“With a voice by no means pleasant, and, indeed, when excited, in its shrill tones, sometimes almost disagreeable; without any of the personal graces of the orator; without much in the outward man indicating superiority of intellect; without great quickness of perception--still, his mind was so vigorous, his comprehension so exact and clear, and his judgment so sure, that he easily mastered the intricacies of his profession, and became one of the ablest reasoners and most impressive speakers at our bar. With a probity of character known to all, with an intuitive insight into the human heart, with a clearness of statement which was itself an argument, with uncommon power and felicity of illustration, —often, it is true, of a plain and homely kind, — and with that sincerity and earnestness of manner which carried conviction, he was, perhaps, one of the most successful jury lawyers we have ever had in the State.
He always tried a case fairly and honestly. He never intentionally misrepresented the evidence of a witness, nor the argument of an opponent. He met both squarely, and, if he could not explain the one or answer the other, substantially admitted it. He never misstated the law, according to his own intelligent view of it. Such was the transparent candor and integrity of his nature, that he could not well, or strongly, argue a side or a cause that he thought wrong. Of course, he felt it his duty to say what could be said, and to leave the decision to others; but there could be seen in such cases the inward struggles of his own mind. In trying a case, he might occasionally dwell too long upon, or give too much importance to, an inconsiderable point; but this was the exception, and generally he went straight to the citadel of the cause or the question, and struck home there, knowing, if that were won, the outworks would necessarily fall.

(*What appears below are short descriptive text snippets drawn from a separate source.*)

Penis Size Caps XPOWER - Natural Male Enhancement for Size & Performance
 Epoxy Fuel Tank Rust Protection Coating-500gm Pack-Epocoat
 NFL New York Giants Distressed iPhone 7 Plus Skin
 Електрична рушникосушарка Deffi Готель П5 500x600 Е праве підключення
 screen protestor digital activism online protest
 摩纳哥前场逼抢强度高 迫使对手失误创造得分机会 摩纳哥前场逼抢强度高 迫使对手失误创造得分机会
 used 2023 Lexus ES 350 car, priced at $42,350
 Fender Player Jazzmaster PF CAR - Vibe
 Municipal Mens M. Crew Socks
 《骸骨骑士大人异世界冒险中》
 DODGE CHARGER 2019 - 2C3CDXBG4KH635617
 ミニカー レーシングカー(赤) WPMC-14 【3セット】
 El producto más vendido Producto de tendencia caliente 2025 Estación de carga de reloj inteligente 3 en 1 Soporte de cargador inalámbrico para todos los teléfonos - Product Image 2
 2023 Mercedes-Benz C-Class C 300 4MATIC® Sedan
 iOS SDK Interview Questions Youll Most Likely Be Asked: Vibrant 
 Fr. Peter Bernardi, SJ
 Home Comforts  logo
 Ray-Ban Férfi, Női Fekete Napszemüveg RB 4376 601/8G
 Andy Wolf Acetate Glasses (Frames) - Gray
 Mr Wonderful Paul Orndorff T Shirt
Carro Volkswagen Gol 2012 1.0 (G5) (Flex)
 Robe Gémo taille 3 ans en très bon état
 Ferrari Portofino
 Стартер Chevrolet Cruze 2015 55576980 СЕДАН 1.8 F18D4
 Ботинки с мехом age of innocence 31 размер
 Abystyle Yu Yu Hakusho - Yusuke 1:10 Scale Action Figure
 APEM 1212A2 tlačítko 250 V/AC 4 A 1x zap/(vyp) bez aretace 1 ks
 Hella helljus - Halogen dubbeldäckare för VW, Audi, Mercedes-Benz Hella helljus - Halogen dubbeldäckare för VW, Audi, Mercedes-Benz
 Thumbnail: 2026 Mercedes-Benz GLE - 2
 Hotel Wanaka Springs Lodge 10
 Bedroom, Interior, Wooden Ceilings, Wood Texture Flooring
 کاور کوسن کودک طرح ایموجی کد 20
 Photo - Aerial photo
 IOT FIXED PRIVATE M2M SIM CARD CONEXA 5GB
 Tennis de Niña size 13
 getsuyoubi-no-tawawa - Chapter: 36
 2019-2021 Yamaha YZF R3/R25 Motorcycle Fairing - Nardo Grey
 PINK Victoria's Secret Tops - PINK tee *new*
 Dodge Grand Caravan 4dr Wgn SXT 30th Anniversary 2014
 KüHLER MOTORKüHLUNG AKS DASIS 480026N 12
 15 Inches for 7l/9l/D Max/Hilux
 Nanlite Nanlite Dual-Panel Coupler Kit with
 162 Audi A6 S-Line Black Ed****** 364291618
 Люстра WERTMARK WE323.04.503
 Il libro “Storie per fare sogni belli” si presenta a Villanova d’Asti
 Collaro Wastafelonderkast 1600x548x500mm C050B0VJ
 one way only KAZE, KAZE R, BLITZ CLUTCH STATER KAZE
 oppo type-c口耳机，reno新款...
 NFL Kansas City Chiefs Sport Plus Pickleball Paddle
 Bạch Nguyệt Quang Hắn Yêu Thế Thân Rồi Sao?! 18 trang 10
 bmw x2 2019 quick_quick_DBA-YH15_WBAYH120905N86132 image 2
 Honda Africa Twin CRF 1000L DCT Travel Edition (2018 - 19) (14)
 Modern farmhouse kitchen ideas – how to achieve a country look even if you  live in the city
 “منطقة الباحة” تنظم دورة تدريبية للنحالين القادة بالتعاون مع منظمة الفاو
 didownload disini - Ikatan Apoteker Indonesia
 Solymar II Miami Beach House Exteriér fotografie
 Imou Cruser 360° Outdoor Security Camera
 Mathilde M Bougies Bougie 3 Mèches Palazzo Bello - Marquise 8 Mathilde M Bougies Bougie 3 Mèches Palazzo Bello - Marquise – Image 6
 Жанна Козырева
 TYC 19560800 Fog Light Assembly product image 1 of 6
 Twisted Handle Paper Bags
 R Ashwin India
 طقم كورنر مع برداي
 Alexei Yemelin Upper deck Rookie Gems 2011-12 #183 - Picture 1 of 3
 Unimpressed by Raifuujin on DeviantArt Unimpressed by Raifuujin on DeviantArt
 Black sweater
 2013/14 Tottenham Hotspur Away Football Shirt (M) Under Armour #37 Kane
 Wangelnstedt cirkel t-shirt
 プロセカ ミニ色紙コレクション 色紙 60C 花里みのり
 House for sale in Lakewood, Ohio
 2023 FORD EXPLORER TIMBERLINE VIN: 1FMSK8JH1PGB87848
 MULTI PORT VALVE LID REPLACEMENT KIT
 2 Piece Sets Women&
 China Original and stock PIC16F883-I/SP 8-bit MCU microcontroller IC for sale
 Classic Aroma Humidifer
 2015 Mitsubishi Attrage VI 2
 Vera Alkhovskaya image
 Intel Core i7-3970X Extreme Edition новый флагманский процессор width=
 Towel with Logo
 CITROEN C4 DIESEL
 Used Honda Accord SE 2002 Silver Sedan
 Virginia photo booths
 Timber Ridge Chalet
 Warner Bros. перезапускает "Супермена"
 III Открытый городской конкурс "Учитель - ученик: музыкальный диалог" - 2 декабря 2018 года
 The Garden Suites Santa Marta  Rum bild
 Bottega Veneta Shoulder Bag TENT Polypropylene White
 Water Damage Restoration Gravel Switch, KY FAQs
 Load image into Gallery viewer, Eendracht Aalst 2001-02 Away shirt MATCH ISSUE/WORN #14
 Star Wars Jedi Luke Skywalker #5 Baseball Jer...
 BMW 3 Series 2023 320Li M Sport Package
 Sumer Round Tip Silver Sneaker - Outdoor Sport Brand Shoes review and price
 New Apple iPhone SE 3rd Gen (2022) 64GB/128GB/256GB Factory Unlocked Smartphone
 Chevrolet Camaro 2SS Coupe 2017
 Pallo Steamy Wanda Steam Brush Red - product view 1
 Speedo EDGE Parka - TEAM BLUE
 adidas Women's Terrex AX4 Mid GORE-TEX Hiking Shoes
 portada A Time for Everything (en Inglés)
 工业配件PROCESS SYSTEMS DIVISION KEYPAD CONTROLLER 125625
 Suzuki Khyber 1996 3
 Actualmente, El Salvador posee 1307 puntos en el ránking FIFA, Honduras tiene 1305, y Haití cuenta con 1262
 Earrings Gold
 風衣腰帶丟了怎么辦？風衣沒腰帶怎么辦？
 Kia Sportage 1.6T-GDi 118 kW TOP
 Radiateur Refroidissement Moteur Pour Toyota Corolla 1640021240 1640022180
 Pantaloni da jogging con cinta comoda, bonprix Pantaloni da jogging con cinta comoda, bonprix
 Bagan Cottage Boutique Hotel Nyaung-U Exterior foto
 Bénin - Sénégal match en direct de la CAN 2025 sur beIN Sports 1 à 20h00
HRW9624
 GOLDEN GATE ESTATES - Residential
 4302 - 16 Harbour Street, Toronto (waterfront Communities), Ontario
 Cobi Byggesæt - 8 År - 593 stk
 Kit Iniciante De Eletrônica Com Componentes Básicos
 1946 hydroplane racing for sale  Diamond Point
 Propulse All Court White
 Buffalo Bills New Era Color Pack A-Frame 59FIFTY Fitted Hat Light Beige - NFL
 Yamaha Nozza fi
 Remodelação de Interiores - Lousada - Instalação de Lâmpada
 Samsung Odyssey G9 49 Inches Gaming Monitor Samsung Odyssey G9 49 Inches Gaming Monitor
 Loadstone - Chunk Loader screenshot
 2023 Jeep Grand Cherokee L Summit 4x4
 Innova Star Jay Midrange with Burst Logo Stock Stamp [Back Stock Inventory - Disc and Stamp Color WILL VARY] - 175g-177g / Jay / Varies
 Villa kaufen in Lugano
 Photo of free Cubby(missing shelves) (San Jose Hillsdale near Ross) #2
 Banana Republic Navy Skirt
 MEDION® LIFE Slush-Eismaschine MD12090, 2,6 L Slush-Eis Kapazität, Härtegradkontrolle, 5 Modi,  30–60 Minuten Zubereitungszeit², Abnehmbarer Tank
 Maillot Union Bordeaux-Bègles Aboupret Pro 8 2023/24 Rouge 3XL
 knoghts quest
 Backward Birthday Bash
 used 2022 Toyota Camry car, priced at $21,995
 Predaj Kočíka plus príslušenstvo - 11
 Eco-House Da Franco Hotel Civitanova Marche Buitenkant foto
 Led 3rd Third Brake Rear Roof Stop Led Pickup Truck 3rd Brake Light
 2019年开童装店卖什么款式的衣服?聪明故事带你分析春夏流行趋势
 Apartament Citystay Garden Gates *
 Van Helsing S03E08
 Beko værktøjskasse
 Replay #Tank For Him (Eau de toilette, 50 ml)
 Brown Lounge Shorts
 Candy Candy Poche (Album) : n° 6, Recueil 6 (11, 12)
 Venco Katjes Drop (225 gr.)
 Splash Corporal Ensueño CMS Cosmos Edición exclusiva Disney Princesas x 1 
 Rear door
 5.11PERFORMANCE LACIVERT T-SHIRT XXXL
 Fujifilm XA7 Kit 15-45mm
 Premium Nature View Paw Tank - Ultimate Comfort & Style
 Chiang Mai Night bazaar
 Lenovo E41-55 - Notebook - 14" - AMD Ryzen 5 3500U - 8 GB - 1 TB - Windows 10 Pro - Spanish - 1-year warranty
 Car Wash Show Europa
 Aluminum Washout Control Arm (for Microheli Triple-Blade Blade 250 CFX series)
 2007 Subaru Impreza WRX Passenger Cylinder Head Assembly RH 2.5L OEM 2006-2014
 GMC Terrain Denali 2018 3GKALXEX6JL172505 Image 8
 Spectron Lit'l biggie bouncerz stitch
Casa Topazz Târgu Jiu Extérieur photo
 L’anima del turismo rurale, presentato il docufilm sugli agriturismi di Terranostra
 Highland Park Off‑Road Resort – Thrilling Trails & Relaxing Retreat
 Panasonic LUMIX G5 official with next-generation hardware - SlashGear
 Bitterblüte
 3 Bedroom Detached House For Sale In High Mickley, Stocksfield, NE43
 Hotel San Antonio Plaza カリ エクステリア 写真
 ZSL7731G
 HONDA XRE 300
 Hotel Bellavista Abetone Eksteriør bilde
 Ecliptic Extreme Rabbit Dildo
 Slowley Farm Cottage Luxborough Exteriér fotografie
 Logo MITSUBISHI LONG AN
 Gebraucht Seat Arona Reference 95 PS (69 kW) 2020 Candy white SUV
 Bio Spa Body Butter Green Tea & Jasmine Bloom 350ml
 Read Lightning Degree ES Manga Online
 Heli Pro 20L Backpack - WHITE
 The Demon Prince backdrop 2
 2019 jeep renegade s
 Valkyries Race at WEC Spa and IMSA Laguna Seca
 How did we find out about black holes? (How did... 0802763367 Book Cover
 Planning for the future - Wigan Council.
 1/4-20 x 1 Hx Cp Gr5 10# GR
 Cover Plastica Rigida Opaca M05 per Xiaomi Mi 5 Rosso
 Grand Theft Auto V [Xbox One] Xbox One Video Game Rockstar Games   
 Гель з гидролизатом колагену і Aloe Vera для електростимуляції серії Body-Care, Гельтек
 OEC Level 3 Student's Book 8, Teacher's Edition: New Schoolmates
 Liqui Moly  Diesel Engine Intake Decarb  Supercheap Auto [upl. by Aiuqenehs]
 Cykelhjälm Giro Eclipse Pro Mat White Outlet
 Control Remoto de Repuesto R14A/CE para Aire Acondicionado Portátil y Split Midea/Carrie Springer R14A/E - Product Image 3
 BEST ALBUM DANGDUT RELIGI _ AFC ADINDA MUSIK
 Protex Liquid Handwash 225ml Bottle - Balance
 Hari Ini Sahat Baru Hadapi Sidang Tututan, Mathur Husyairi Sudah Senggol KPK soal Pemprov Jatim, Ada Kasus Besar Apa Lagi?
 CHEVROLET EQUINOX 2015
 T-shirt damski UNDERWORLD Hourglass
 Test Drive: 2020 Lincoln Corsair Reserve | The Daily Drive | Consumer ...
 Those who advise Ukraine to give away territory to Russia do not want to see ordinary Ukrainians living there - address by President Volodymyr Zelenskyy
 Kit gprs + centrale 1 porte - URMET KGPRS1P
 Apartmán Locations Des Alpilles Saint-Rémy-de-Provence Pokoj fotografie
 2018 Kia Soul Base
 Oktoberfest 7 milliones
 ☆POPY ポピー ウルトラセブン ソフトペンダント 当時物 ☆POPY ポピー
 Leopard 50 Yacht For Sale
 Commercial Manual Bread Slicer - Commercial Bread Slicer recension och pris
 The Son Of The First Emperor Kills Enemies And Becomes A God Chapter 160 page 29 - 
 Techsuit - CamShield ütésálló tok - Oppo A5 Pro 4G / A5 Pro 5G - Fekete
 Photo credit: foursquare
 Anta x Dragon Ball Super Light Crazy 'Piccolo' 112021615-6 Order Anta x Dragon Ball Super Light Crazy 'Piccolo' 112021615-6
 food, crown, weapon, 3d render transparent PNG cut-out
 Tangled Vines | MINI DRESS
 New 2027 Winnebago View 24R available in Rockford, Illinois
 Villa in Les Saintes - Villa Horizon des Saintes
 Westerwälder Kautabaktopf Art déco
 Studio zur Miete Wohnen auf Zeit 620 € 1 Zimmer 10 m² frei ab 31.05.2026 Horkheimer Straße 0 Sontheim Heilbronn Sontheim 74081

He could hardly be called very learned in his profession, and yet he rarely tried a cause without fully understanding the law applicable to it; and I have no hesitation in saying be was one of the ablest lawyers I have ever known. If he was forcible before a jury, he was equally so with the court. He detected, with unerring sagacity, the weak points of an opponent's argument, and pressed his own views with overwhelming strength. His efforts ware quite unequal, and it might happen that he would not, on some occasions, strike one as at all remarkable. But, let him be thoroughly roused,—let him feel that he was right, and that some principle was involved in his cause,—and he would come out with an earnestness of conviction, a power of argument, and a wealth of illustration that I have never seen surpassed.”